É preciso dizer que estes discursos racistas eram fruto da mentalidade
da época, no ponto de vista político-social. Todavia, houve alguns
escritores como João de Lemos (Almas Negras) e José Osório de
Oliveira (“Roteiro de África”) que tentaram entender a mentalidade do
homem negro, pois há nas suas obras uma intenção humanística.
São precisamente as duras e condenáveis características da literatura
colonial, e os outros factores como a criação e desenvolvimento do
ensino oficial e o alargamento do ensino particular, a liberdade de
expressão, a instalação da imprensa (a partir da década de 40 do
século XIX) que vão propulsionar o aparecimento de uma nova
literatura a que se convencionou chamar de literatura africana de
expressão portuguesa.
Com efeito, alguns anos mais tarde, após a instalação da imprensa
em Angola, ocorre a publicação do livro“Espontaneidade da minha
alma” (1949) do angolano mestiço José da Silva Maia Ferreira, o
primeiro livro impresso na África lusófona, mas não a mais antiga obra
do autor africano. Anterior a esta, há conhecimento do poemeto da
cabo-verdiana Antónia Gertrudes Pusish, "Elegia à memória das
infelizes vítimas assassinadas por Francisco de Mattos Lobo, na noute
de 25 de Junho de 1844”, publicado em Lisboa no mesmo ano.
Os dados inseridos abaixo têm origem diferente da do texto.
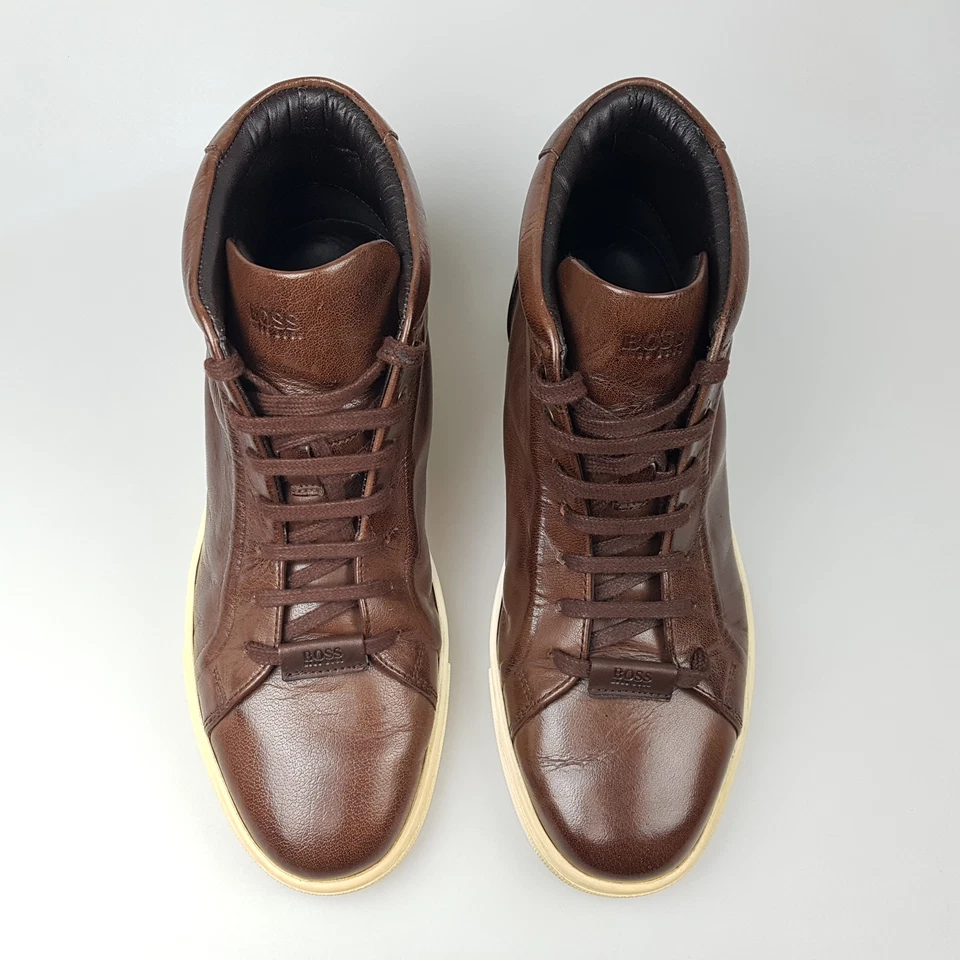 Men's HUGO BOSS Sz 40 EU / 7 US Shoes Brown White Leather Mid | 3+ Extra 10% Off - Imagem 3 de 4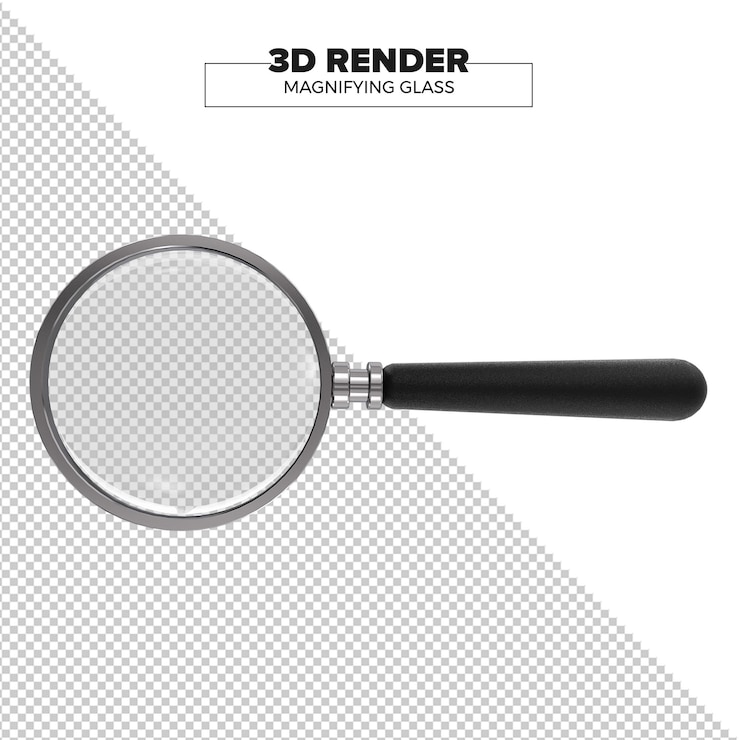 PSD psd lente d'ingrandimento 3d rendering in sfondo trasparente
A literatura africana, como um conjunto de obras literárias que
traduzem uma certa africanidade, toma esta designação porque a
África é o motivo da sua mensagem ao mundo, porque os processos
técnicos da sua escrita se erguem contra o modismo europeu e
europeizante. John chamou-a de literatura Neo-africana por ser escrita
em línguas europeias e para diferenciá-la da literatura oral produzida
em língua africana. Nesta literatura, o centro do universo deixa de ser
o homem europeu e passa a ser o homem africano.
É necessário frisar que este tipo de literatura, chamada literatura
africana de expressão portuguesa, ganha uma nova especialização,
tomando a designação de literatura de raiz africana. Esta literatura
teve a sua origem através do confronto, da rebelião literária, linguística
e ideológica, da tomada de consciência revolucionária a partir da
década de 40 (século XIX). Importa referir que era uma literatura
dirigida particularmente aos africanos e escrita em línguas locais em
mistura com o "português", pois o propósito era tornar a escrita
inacessível aos europeus, isto é, não permitir ao homem branco
descodificar as suas mensagens. Daí a introdução nas obras de
poetas angolanos (Agostinho Neto, António Jacinto, Pinto de Andrade,
Luandino Vieira, etc.) de palavras e frase idiomáticas em quimbundo e
umbundo, e em muitos outros autores africanos como Mutimati
Bernabé João (Moçambicano).
Esta fase vai de meados da década de 40 até às independências
(meados da década de 70). “A vida verdadeira de Domingo
Chavier” de Luandino Vieira e “Sagrada esperança” de Agostinho Neto
são textos impregnados de marcas visíveis da revolta política que
mais se traduzem nos quatros cantos do mundo.
A literatura africana combate o exotismo sob todas as formas, quer se
apresente recuperando narrativas tradicionais, quer utilize ritmos
significantes emprestados das culturas populares.